On his first day back to work at China Development Financial Holding Corp (中華開發金控), business tycoon Liu Tai-ying (劉泰英) yesterday faced mounting pressures from the Ministry of Finance to step down from the chairman's seat.
"Based on the principle of corporate governance, China Development has to present a report by June 20, explaining whether [12 corporate crime] charges against Liu have disqualified his chairmanship [at the nation's fourth largest financial services company]," said Gary Tseng (曾國烈), director-general of the Bureau of Monetary Affairs under the ministry at a press conference yesterday morning.

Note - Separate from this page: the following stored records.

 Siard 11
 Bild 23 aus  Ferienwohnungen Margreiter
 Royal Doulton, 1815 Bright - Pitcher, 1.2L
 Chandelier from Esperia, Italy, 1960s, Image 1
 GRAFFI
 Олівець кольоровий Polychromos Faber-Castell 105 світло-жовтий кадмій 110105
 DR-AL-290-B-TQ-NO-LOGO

Citing a loosely defined regulation that allows the ministry to disqualify founders and chairmen of financial holding companies on the grounds of misbehavior, Tseng said that "[Liu] should put the benefit of China Development and its shareholders ahead of his own." Tseng, however, did not elaborate, but added that "the ministry has the final say on the matter."
Although the ministry's attempts to pressure Liu into stepping down voluntarily are growing, Liu yesterday played along and adopted a wait-and-see strategy while spending all day receiving briefs from over 20 top-ranking managers on the company's operations during his four-month absence in jail.

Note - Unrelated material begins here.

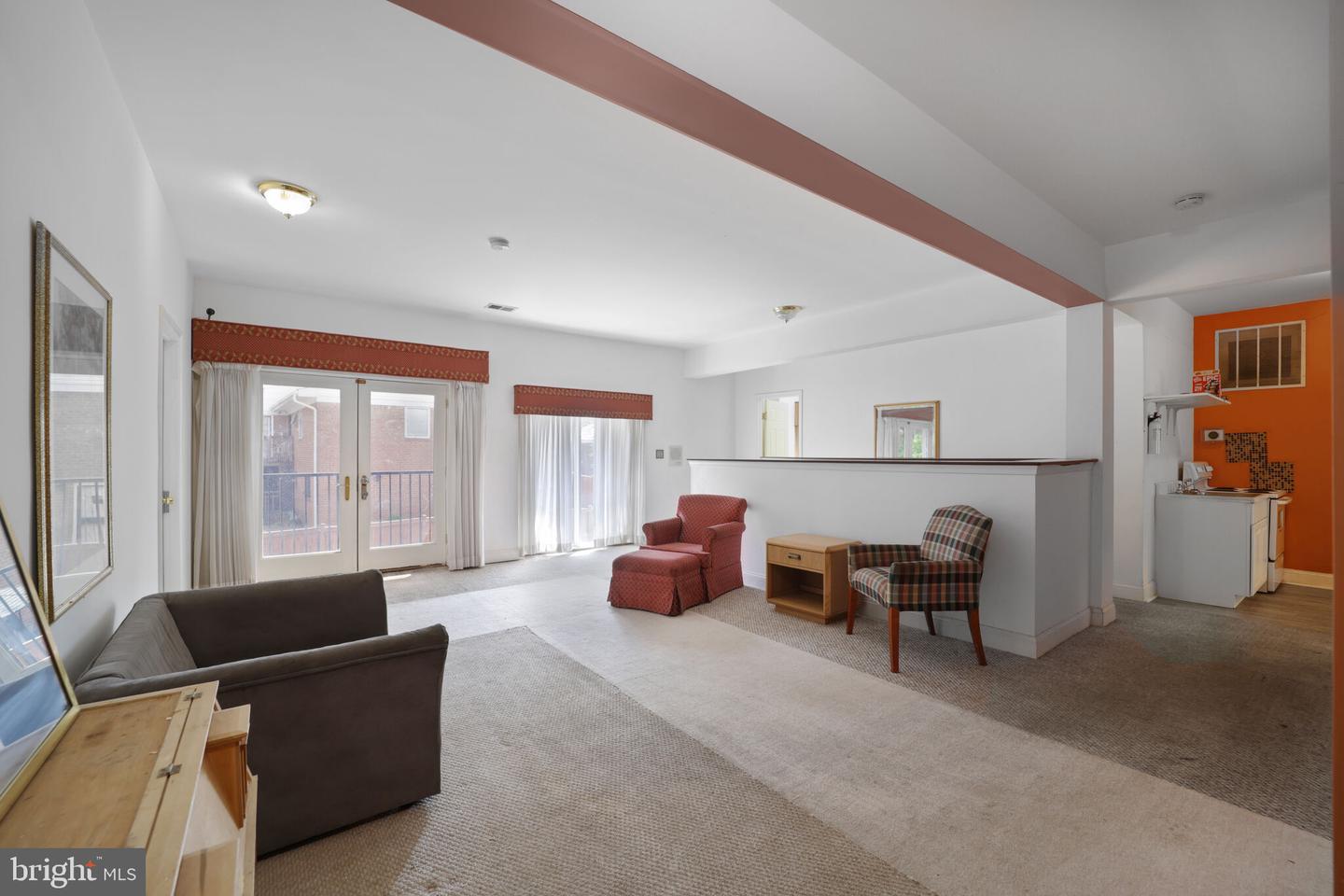 1410 MISSOURI AVE NW, WASHINGTON, District Of Columbia 20011, 11 Bedrooms Bedrooms, 23 Rooms Rooms,10 BathroomsBathrooms,Residential,For sale,1410 MISSOURI AVE NW,DCDC2196468 MLS # DCDC2196468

"Chairman Liu said that the company will hammer out a report [as requested by the ministry] by June 20 based on the benefit of the company's shareholders, instead of his own benefit," China Development spokeswoman Grace Fang (方鳳山) told reporters yesterday.
Fang, however, shrugged off media speculation yesterday that Liu is inclined to resign voluntarily, saying that "the chairman said nothing about it."
Shares of China Development yesterday rose by NT$0.4, or 3 percent, to close at NT$13.4.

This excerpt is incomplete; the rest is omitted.